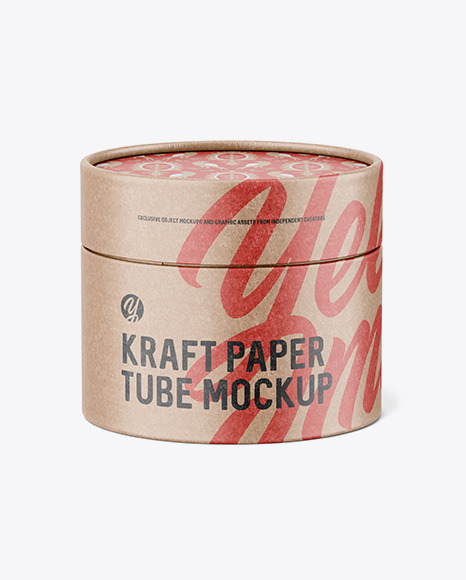 Kraft Paper Tube Mockup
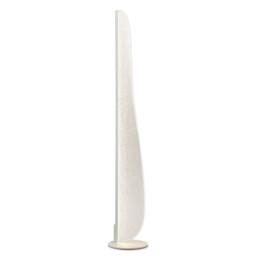 Bianca Small Floor Lamp, 20W LED, 3000K, 1200lm, White, Acrylic, 3yrs Warranty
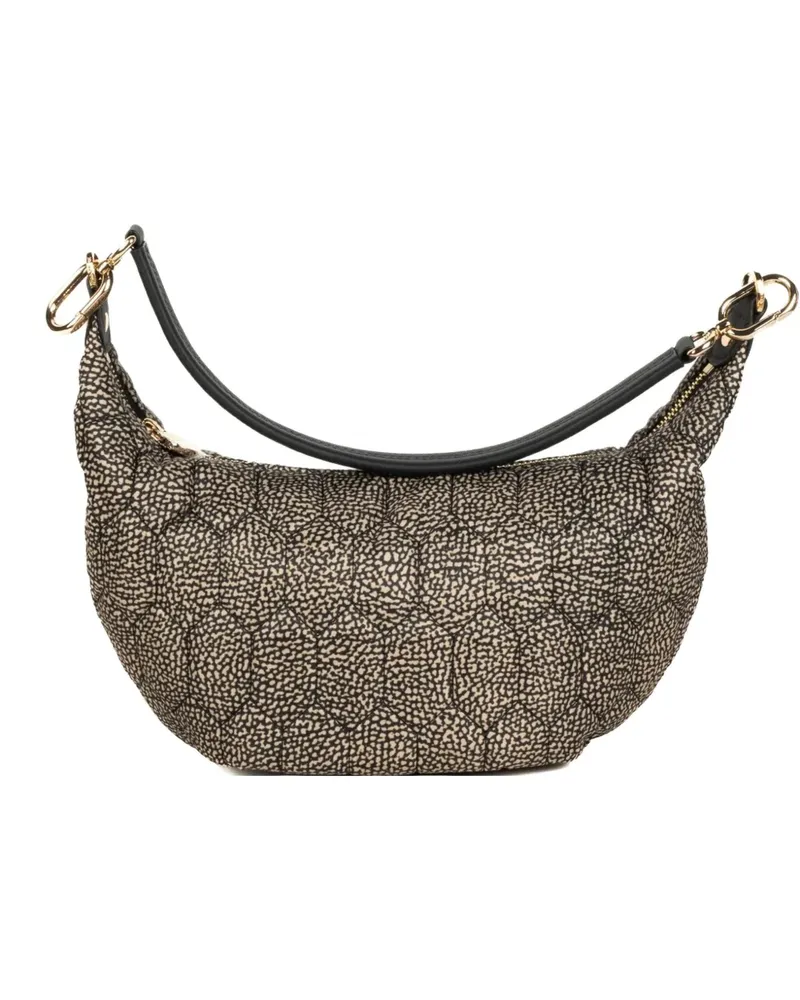 Borbonese top-zip quilted shoulder bag - Gold Gold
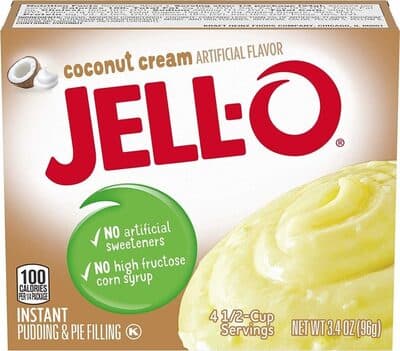 Coconut Cream Instant Pudding & Pie Filling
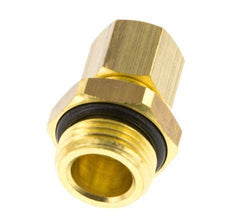 G 3/8'' Male x 8mm Brass Straight Compression Fitting with NBR Seal 135 Bar DIN EN 1254-2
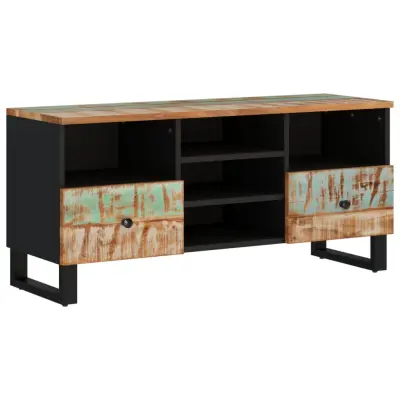 TV omarica - TV stojalo - Televizijska omarica 100x33x46 cm trden predelan les in inženirski les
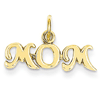 14kt Yellow Gold 1/4in MOM Script Charm
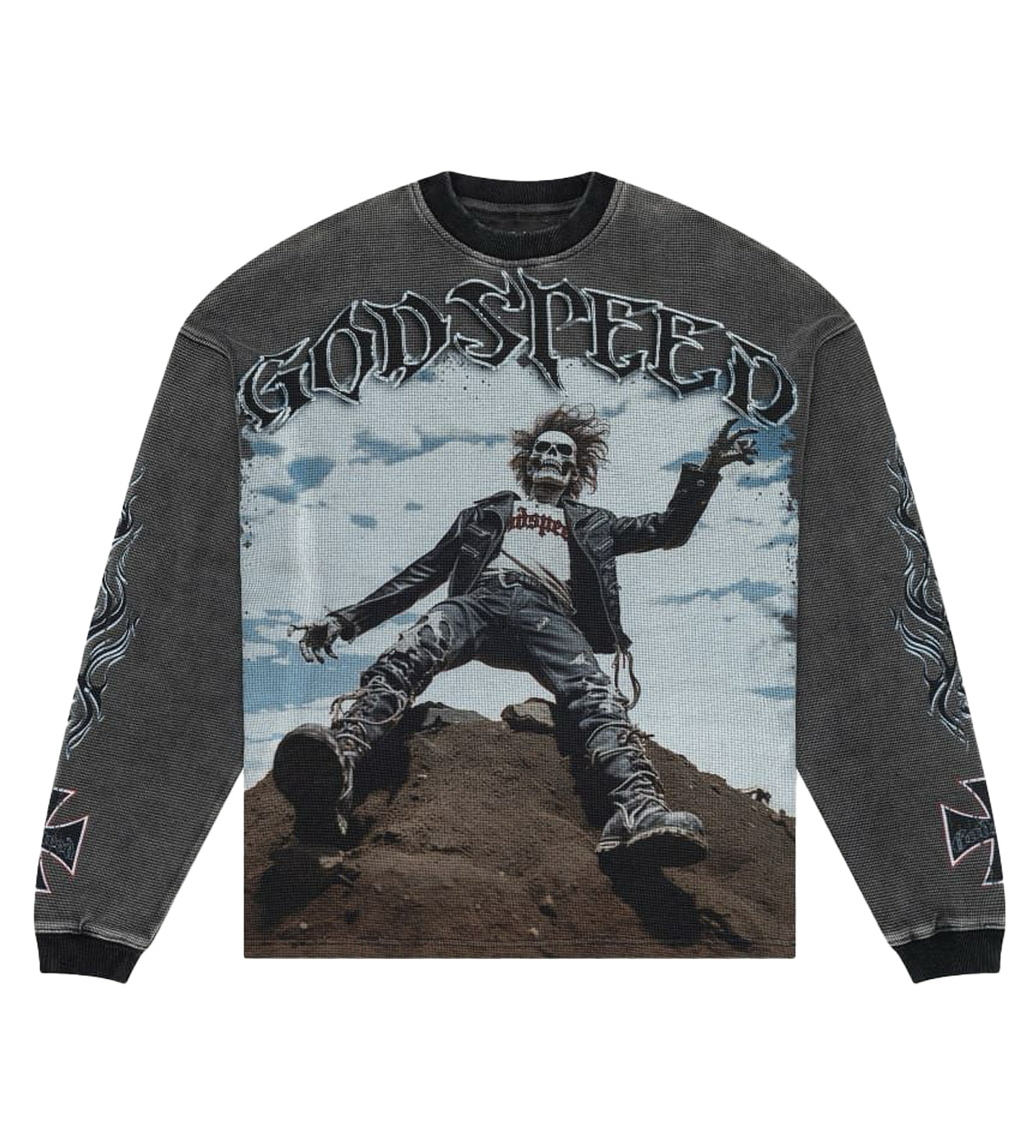 Godspeed Hoodie Unisex Fit Washed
────────────────────
• **Problem details**
Print each of the records above exactly as written, leaving no picture in the copy.

• **Response to the exercise**
 Kraft Paper Tube Mockup
 Bianca Small Floor Lamp, 20W LED, 3000K, 1200lm, White, Acrylic, 3yrs Warranty
 Borbonese top-zip quilted shoulder bag - Gold Gold
 Coconut Cream Instant Pudding & Pie Filling
 G 3/8'' Male x 8mm Brass Straight Compression Fitting with NBR Seal 135 Bar DIN EN 1254-2
 TV omarica - TV stojalo - Televizijska omarica 100x33x46 cm trden predelan les in inženirski les
 14kt Yellow Gold 1/4in MOM Script Charm
 Godspeed Hoodie Unisex Fit Washed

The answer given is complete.